Sin embargo, cuando la conocí, me encontré con un panorama diferente: una mujer dinámica, que creció a la par de la empresa en la que trabajaba como secretaria del gerente y que estudiaba Psicología. Durante el tiempo que duró el tratamiento se recibió y empezó a atender a sus propios pacientes. Ella me decía que había elegido vivir con su mamá y no tener pareja ni hijos porque ese era el modo de vida que le gustaba, no porque no pudiera ser independiente ni porque les tuviera miedo a los hombres. Podemos ver que, si como profesional yo me hubiera quedado atada a los paradigmas aprendidos, no habría podido ver la realidad de esta paciente y la habría atendido desde el prejuicio diciéndole, por ejemplo, que “cortara el cordón umbilical”. Ella ya había pasado por otros terapeutas que la habían estigmatizado de esta manera y no quería que volviera a pasarle.

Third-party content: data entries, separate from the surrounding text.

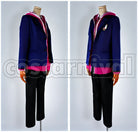 Girl's Side: 3rd Story Habataki Academy Boys' Uniform Cosplay cosplay costume from Tokimeki Memorial, detail-2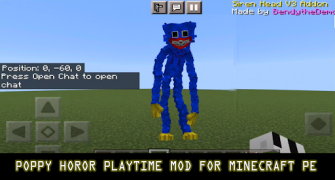 Скачать poppy playtime mod Minecraft Развлечения для Андроид скриншот 5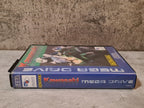 Sega Mega Drive Spiel Kawasaki Superbikes mit OVP und Anleitung Multi Language - T-Retro-Games 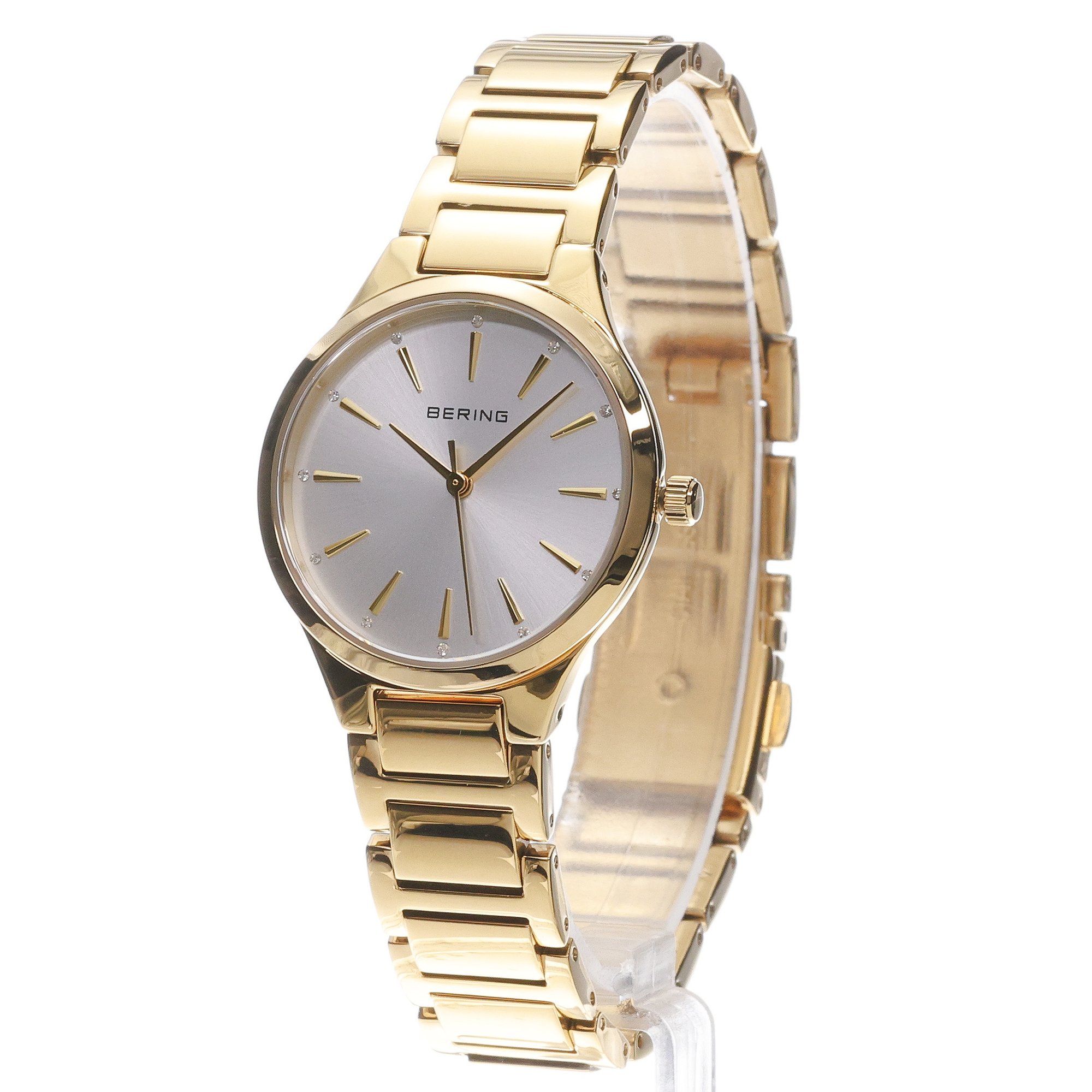 zegarek Bering 15630-730-P kwarcowy damski Classic Classic Lady - miniatura 2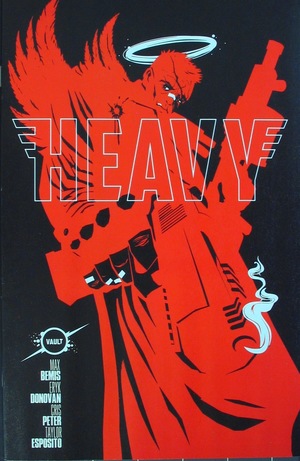 [Heavy #1 (2nd printing)]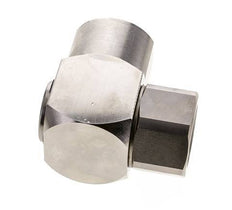 G 1'' Female Brass Rotary Joint 12 Bar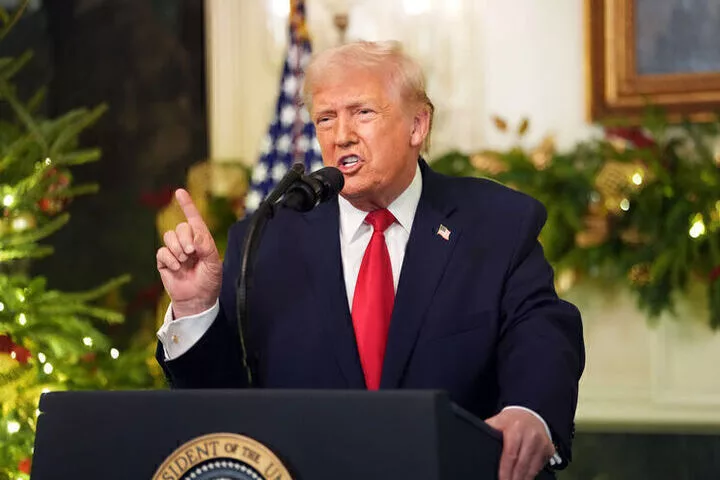 Трамп открестился от решения публично транслировать казнь американского военного через расстрел
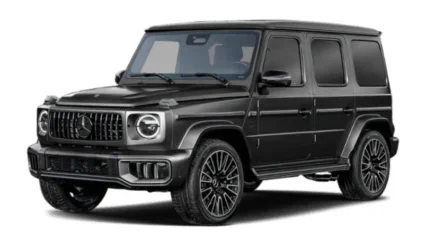 Mercedes-AMG G63 (Automatique, 4.0 L, 5 Sièges)
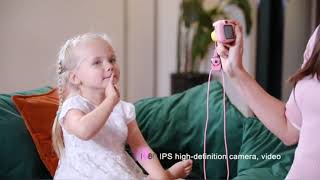 「1200万画素1080p自撮り」子供用 カメラ デジタルカメラ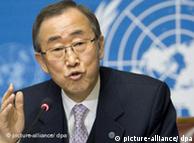 بان کی مون دبیر کل سازمان ملل متحد می‌گوید باید از حقوق بشر محافظت شود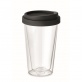 MO9927 Szklanka 350 ml BIELO TUMBLER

Es cierto que las características con que me habían descripto a esta mujer podían corresponderse con ciertos estereotipos terapéuticos; pero bastó profundizar un poco para descubrir que, en el caso de ella, todo era producto de sus propias decisiones, no de inseguridades ni vulnerabilidades a tratar. Esto nos lleva a recordar, como siempre, que cada paciente es único y que no hay “recetas” que se apliquen por igual a todos. Los psicólogos debemos trascender esos modelos aprendidos y discernir cuándo corresponde aplicarlos a un diagnóstico y cuándo no.
Si esto mismo lo trasladamos a nuestra vida cotidiana, vemos que revisar los mandatos aprendidos o heredados es una tarea diaria y difícil, pero que vale la pena porque instala una mirada más respetuosa y desprovista de soberbia hacia los demás. Esto es la base de una convivencia sana en sociedad.